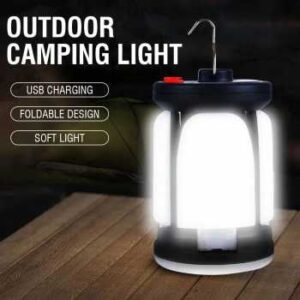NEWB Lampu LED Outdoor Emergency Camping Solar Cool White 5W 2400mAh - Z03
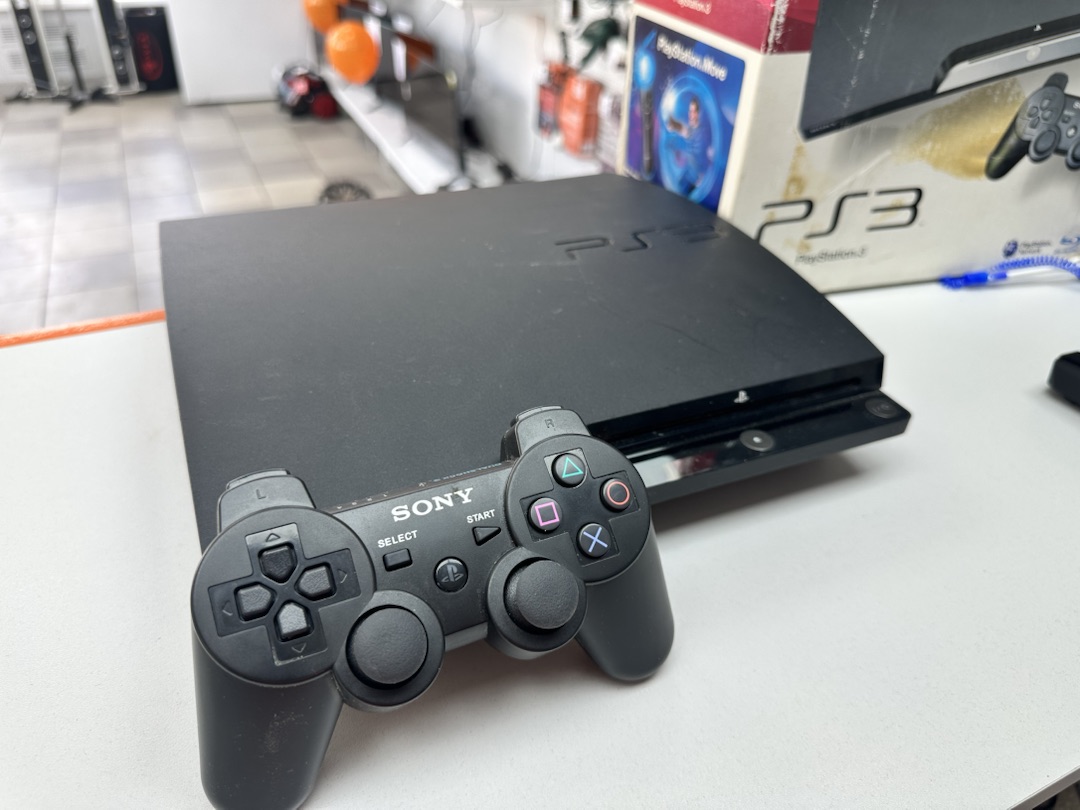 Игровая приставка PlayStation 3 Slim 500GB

...

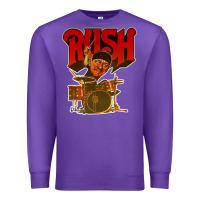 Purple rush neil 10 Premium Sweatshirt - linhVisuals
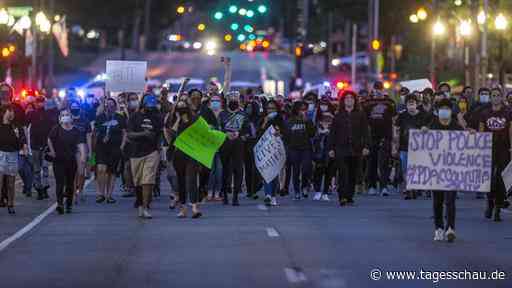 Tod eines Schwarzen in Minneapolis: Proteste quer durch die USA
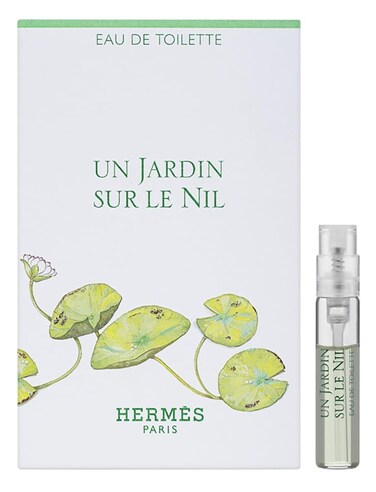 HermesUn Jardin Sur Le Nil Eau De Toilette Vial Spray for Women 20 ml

...

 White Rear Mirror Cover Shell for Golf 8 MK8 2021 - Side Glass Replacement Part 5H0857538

=== What to produce ===
Although pictures appear among the entries, please set down only the lines from the one with "NEWB Lampu LED" up to and including the one with "Игровая приставка PlayStation 3 Slim 500GB", word for word.

=== Answer to the exercise ===
NEWB Lampu LED Outdoor Emergency Camping Solar Cool White 5W 2400mAh - Z03
 Игровая приставка PlayStation 3 Slim 500GB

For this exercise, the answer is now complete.